Exercise instructions
Starting at the line that contains "Bedford Street, Bletchley, Milton" and ending at the final line of the entries below, write out each line exactly as it appears, but omit the pictures.

Short descriptive text snippets
▬▬▬

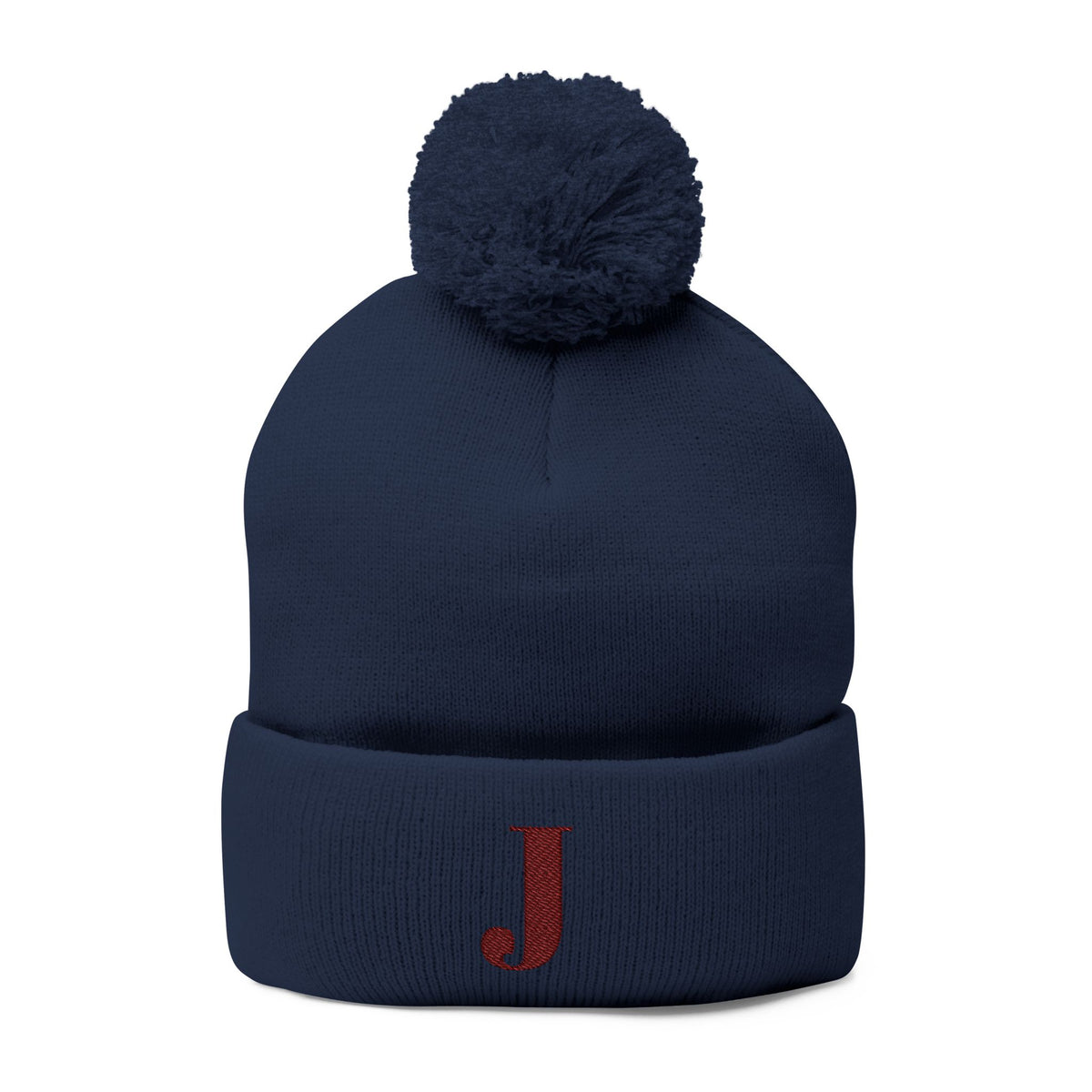 Joy Woolly Hat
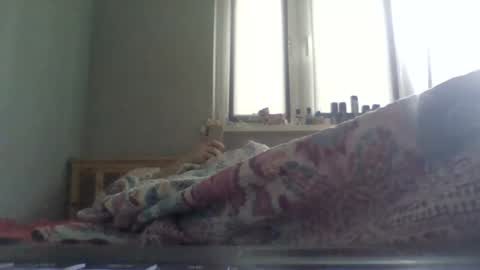 Snapshot of filipek757 chatting on October 5, 2025, 10:46 am filipek757 online show from October 5, 2025, 10:46 am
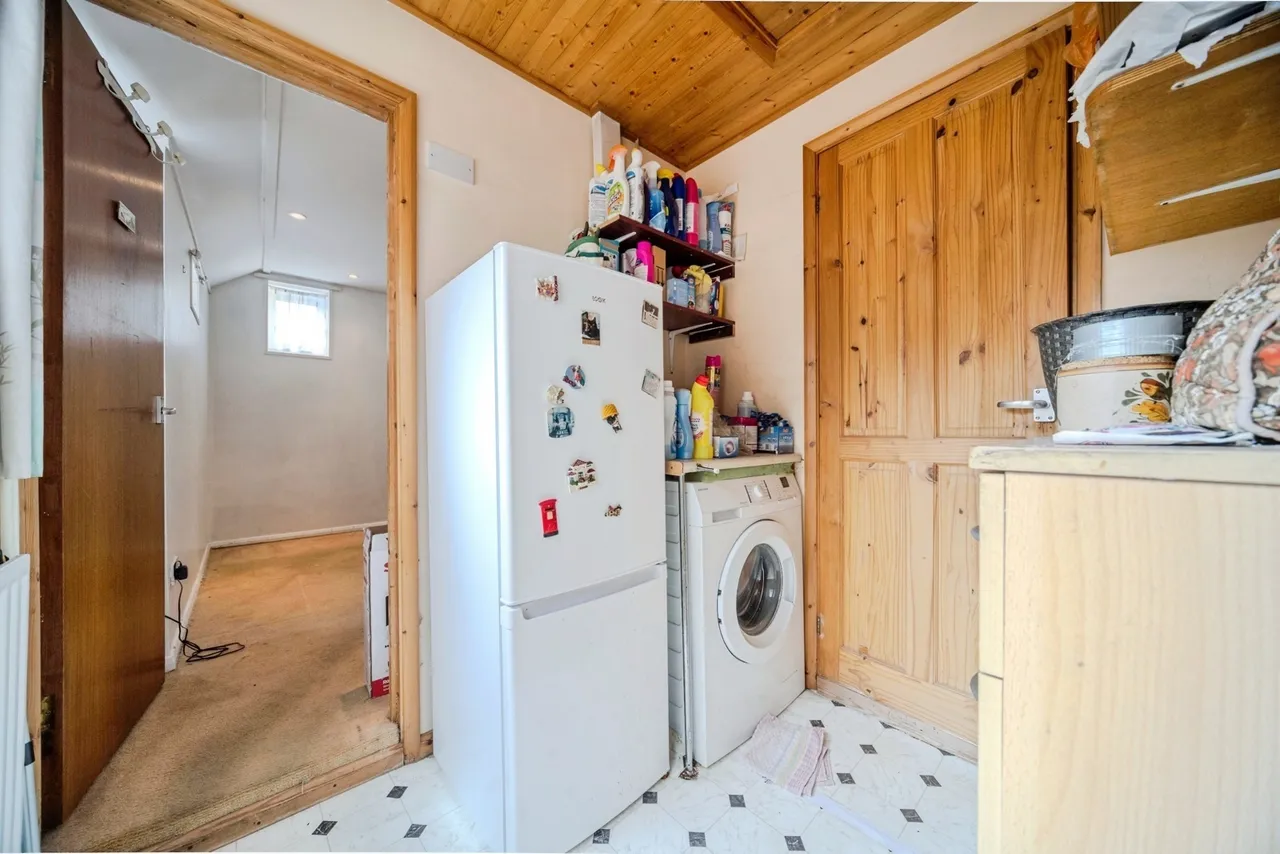 Bedford Street, Bletchley, Milton Keynes, Buckinghamshire, MK2, photo 8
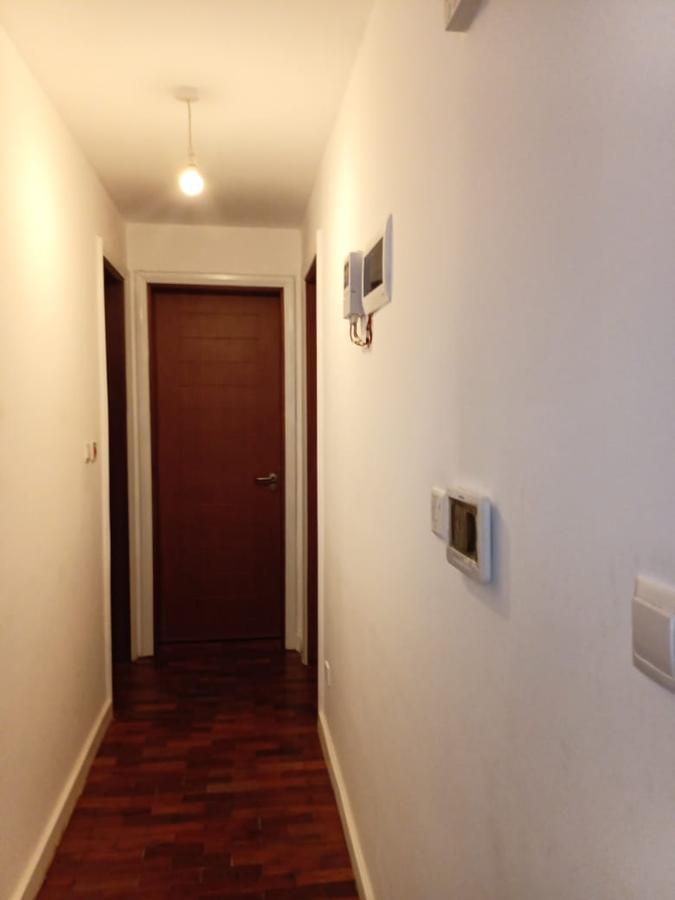 Serviced 2 Bed Apartment with En Suite at Off Danis Prit Rd. - 9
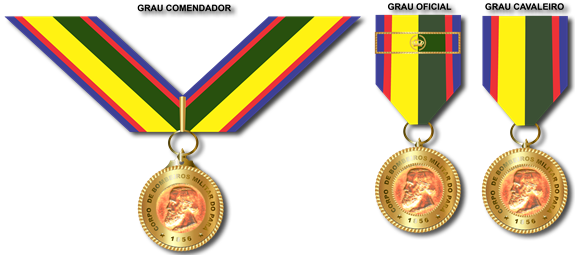Corpo de Bombeiros do Rio leva mais cinco medalhas e quebra o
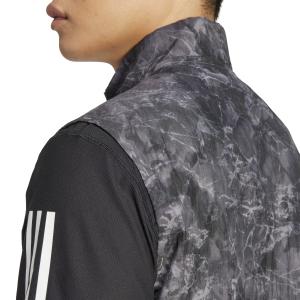 product/a/d/adidas_jn9684_grefou-black_6.jpg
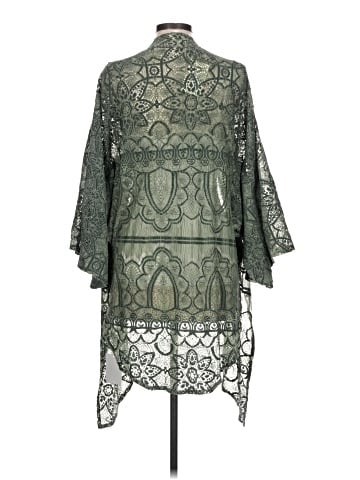 Mia Joy Kimono (view 2)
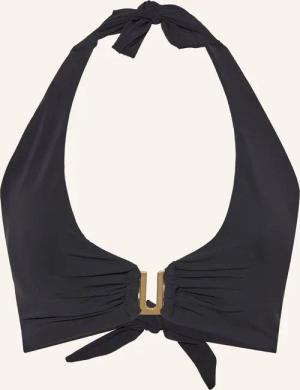 JETS Australia Neckholder-Bikini-Top JETSET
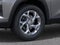 2026 Chevrolet Trax FWD 4dr LS
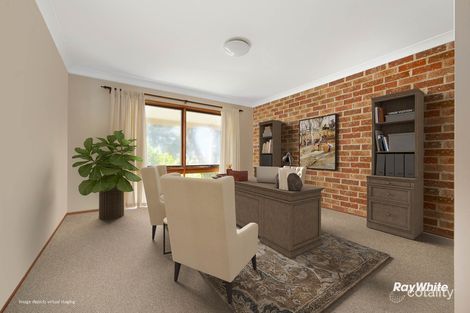 Property photo of 133 Tuross Boulevard Tuross Head NSW 2537
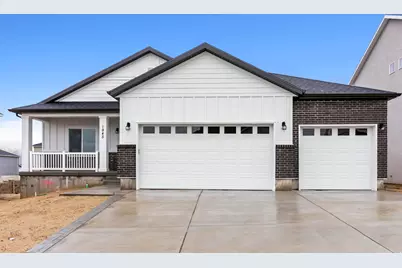 1567 W 600 N #26, Mapleton, UT 84664 - Photo 1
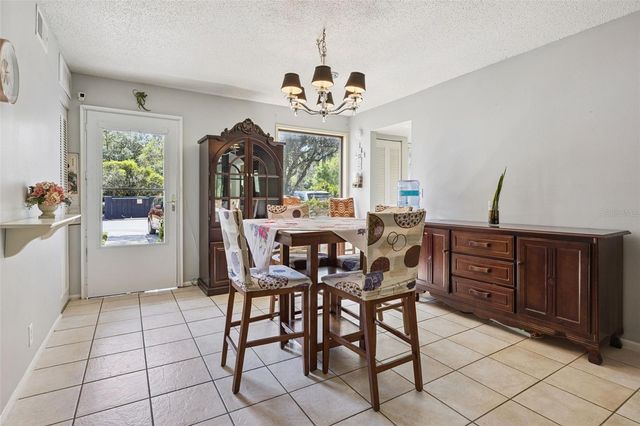 50 SHEOAH BOULEVARD 33, Winter Springs, FL 32708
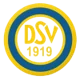 /images/football/team/668291fe40fd4ddf98fca301ff2145b1.webp!h80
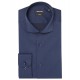 Remus Uomo Tapered Shirt
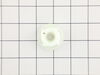 9990595-1-S-Tanaka-6685182-Plate-Cam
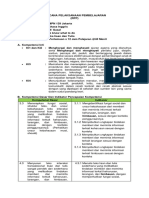 RPP Chapter 3-Giving Advice and Suggestion-1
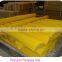 Hot Selling Solid Fiberglass Tree Stakes Rods for Agriculture Use Umbrella Rib Flag Rod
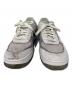 NIKE (ナイキ) AIR FORCE 1 SHADOW グレー サイズ:28.5cm：5000円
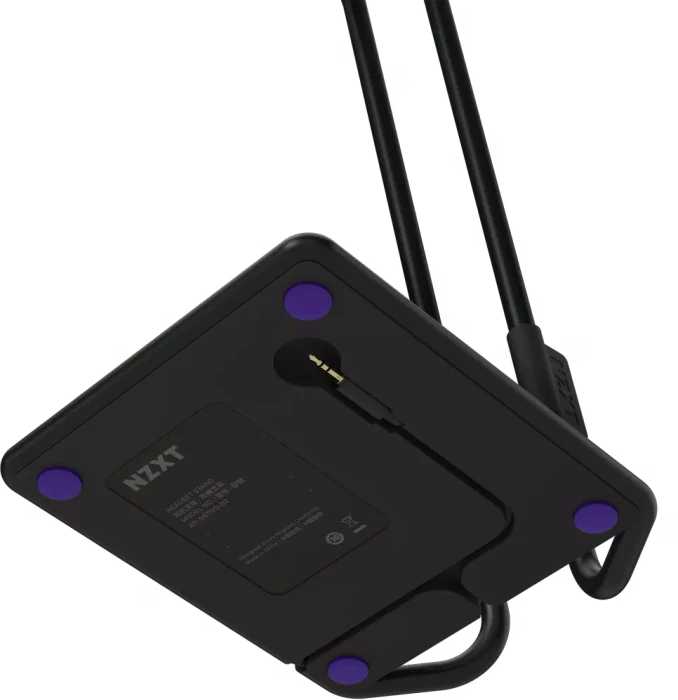 NZXT SwitchMix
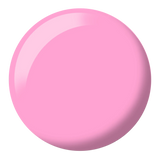 Victorian Blush #552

▬▬▬

Finished task
 Bedford Street, Bletchley, Milton Keynes, Buckinghamshire, MK2, photo 8
 Serviced 2 Bed Apartment with En Suite at Off Danis Prit Rd. - 9
Corpo de Bombeiros do Rio leva mais cinco medalhas e quebra o
 product/a/d/adidas_jn9684_grefou-black_6.jpg
 Mia Joy Kimono (view 2)
 JETS Australia Neckholder-Bikini-Top JETSET
 2026 Chevrolet Trax FWD 4dr LS
 Property photo of 133 Tuross Boulevard Tuross Head NSW 2537
 1567 W 600 N #26, Mapleton, UT 84664 - Photo 1
 50 SHEOAH BOULEVARD 33, Winter Springs, FL 32708
 /images/football/team/668291fe40fd4ddf98fca301ff2145b1.webp!h80
 Remus Uomo Tapered Shirt
 9990595-1-S-Tanaka-6685182-Plate-Cam
 RPP Chapter 3-Giving Advice and Suggestion-1
 Hot Selling Solid Fiberglass Tree Stakes Rods for Agriculture Use Umbrella Rib Flag Rod
 NIKE (ナイキ) AIR FORCE 1 SHADOW グレー サイズ:28.5cm：5000円
 NZXT SwitchMix
 Victorian Blush #552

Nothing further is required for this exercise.